They don’t make noise. No barking, no purring, no growling or snickering. other than the thump of them jumping from one corner to the other, or the light chopping sound of chewing when you’re close to them eating, you’ll never know they’re there.
They are cheaper than dogs. A purebred puppy could run you easily $400 on a deal, but as much as $900-$1200 in other parts of the country, or depending on what breed you purchase. A bunny is only $70-120 apiece.
They are less maintenance. Rabbits don’t have to visit the vet unless they are sick or getting spayed/neutered. A large bag of hay and rabbit pellets can run just $5-8 a bag and last a bunny several months. That’s much less than the monthly/weekly cost of puppy chow. Rabbit toys also weigh in at about 1-4 bucks and bedding can be purchased in bulk at an affordable rate. Cage kits for rabbits cost $60-120 and with discounts at online pet stores you can purchase a large cage, water bottle, food bowl and hay feeder for about $75. How’s that for affordable?

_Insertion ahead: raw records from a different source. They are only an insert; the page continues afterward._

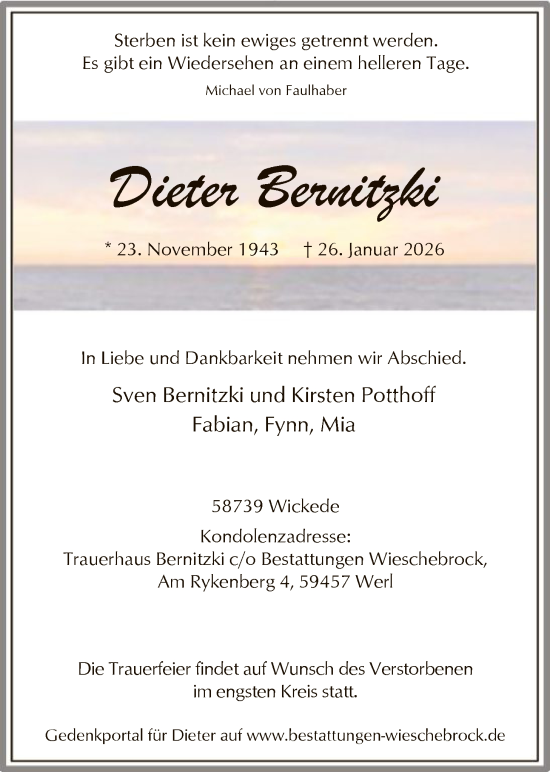 Traueranzeige von Dieter Bernitzki von HASO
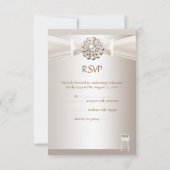 RSVP Mariage Élégant Damask Crème Blanc Champagne (Dos)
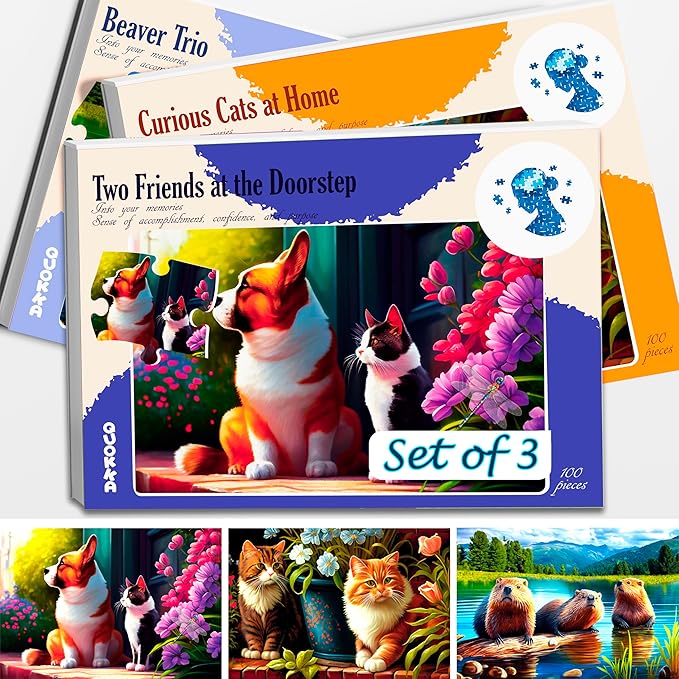 QUOKKA 100 Piece Dementia Activities for Adults - 3 Set Dementia Puzzles for Elderly - Large Piece Gifts Products for Seniors - Alzheimers Jigsaw Puzzle Games for Adults with Beavers, Cats and Dog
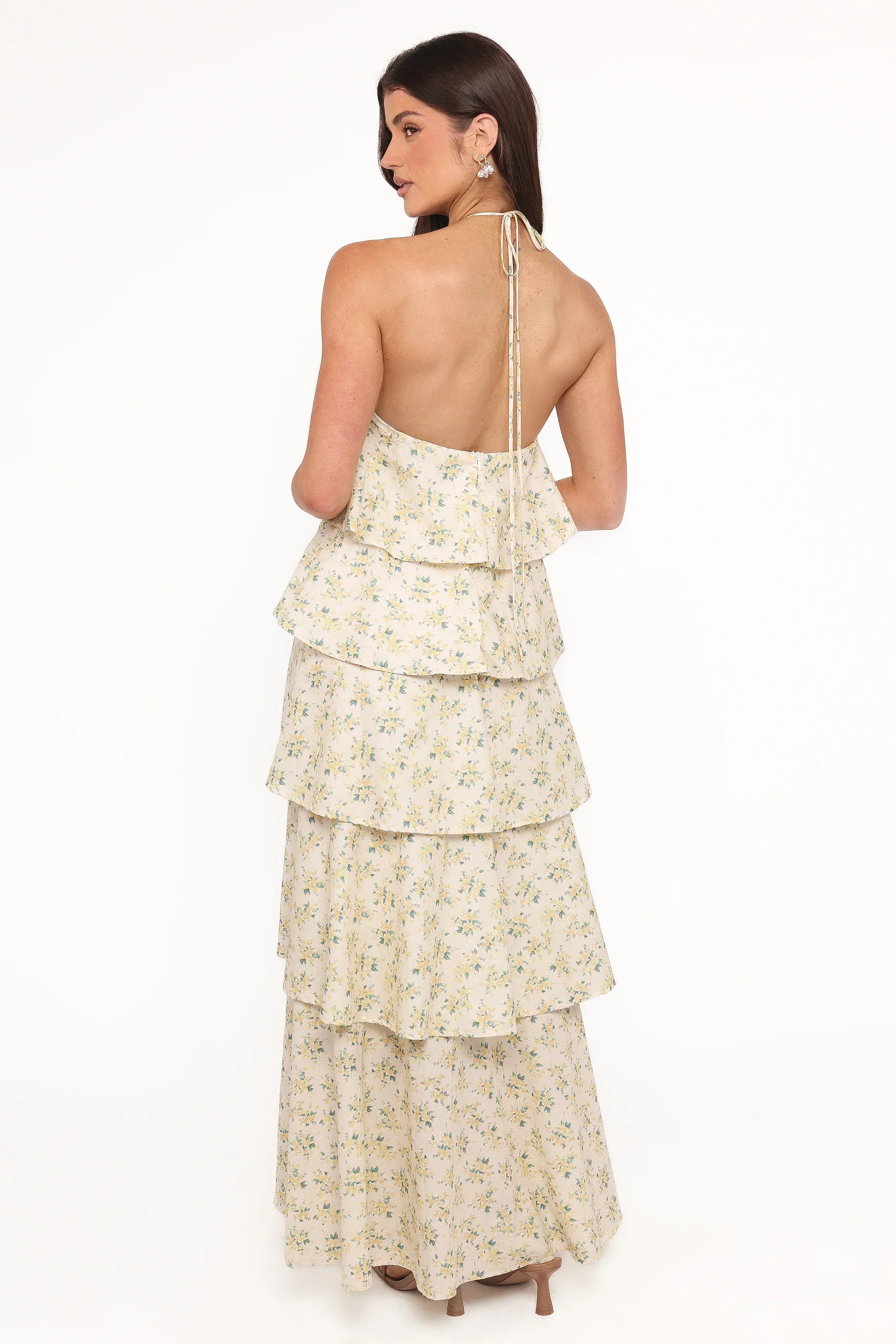 Robe longue Darlia à encolure dos-nu - Imprimé floral jaune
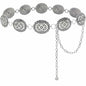 Xiokyo Women Chain Belt Boho Western Metal Silver-Cross Floral Size 27+31in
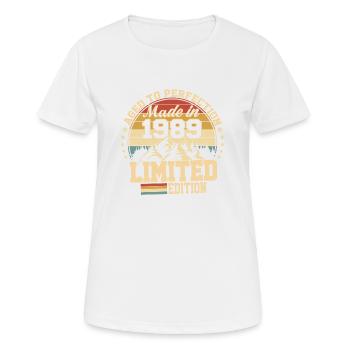1989 Geburtstag 1989 Jahrgang 1989 Geburtstag - Frauen T-Shirt atmungsaktiv - Weiß - Vorne - AI Model Female 172 dark (172cm)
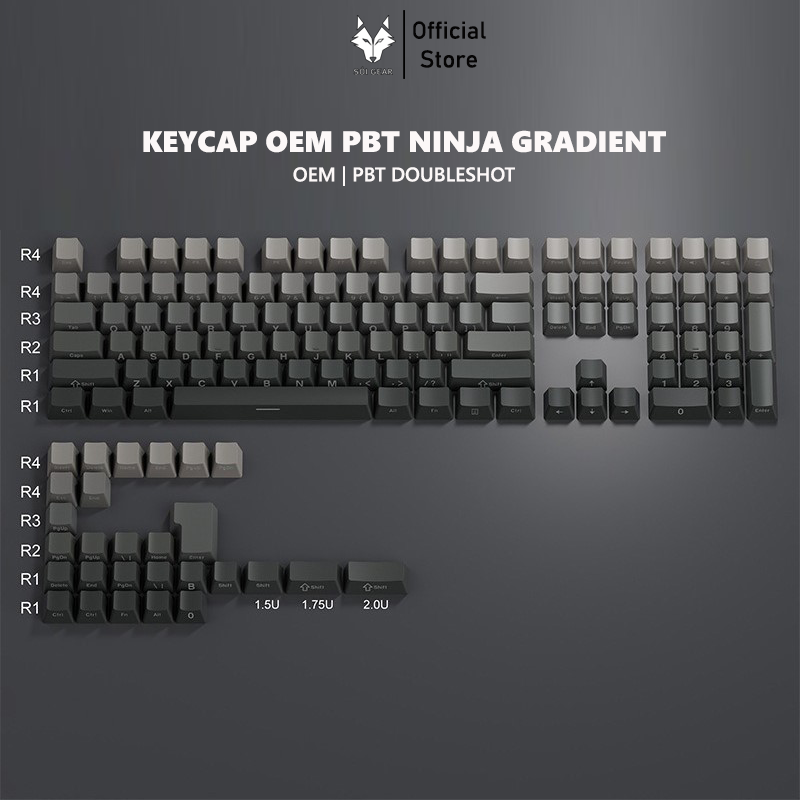 Keycap OEM PBT Ninja Gradient Xuyên led - Đen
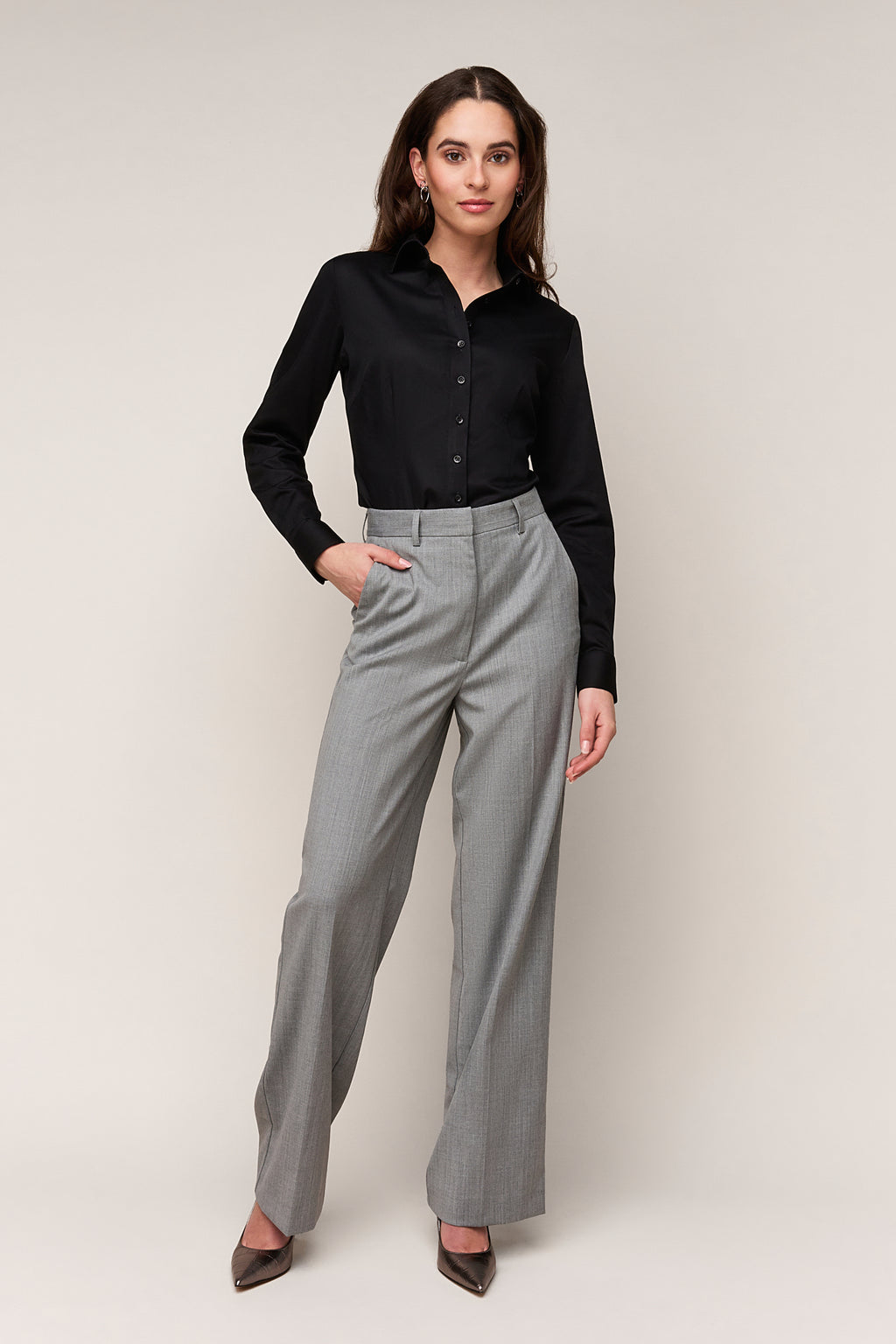 Damenbluse Slim Fit - Einfache Manschette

You can entertain them with little to nothing. Rabbits are extremely independent, selfish even, so they can rely on little to keep them happy. An empty paper towel or toilet paper roll provides them loads of fun, as does shredded newspaper and plain cardboard.
They are smart and independent. Rabbits can be left alone for hours without human or peer interaction. This means you don’t have to feel bad about being gone shopping for hours, or wonder if your bunny has grown to resent you by the time you return home from work. As long as their cage is fully stocked with food and water they can be left alone for hours, even days, with no destruction to their area from boredom.
They can be potty-trained. Although it takes some persistence, bunnies can be litter-trained just as well as cats, meaning once they’ve learned, you’ll only have to worry about bunny waste in one corner of the cage, making cleaning a breeze, especially since rabbit poo is no bigger than a peppercorn. Plus, you can flush rabbit poo down the toilet, or throw it in the backyard to use as compost.
Rabbits have little odor. Their waste can produce a slight odor if it’s left for several days, but rabbits themselves and their cages don’t smell, so you’re house won’t resemble a farm. And when you clean out their cage (which only takes about 5 minutes) you won’t deal with large smelly piles of poo like dogs leave.
They are lovable and cuddly. Bunnies are super cuddly and cute! They are as affectionate as they are independent and while I know you’re thinking “puppies are too!” just remember that bunnies are little fur balls of joy that will snuggle near you then play hide and seek. What could be better than that?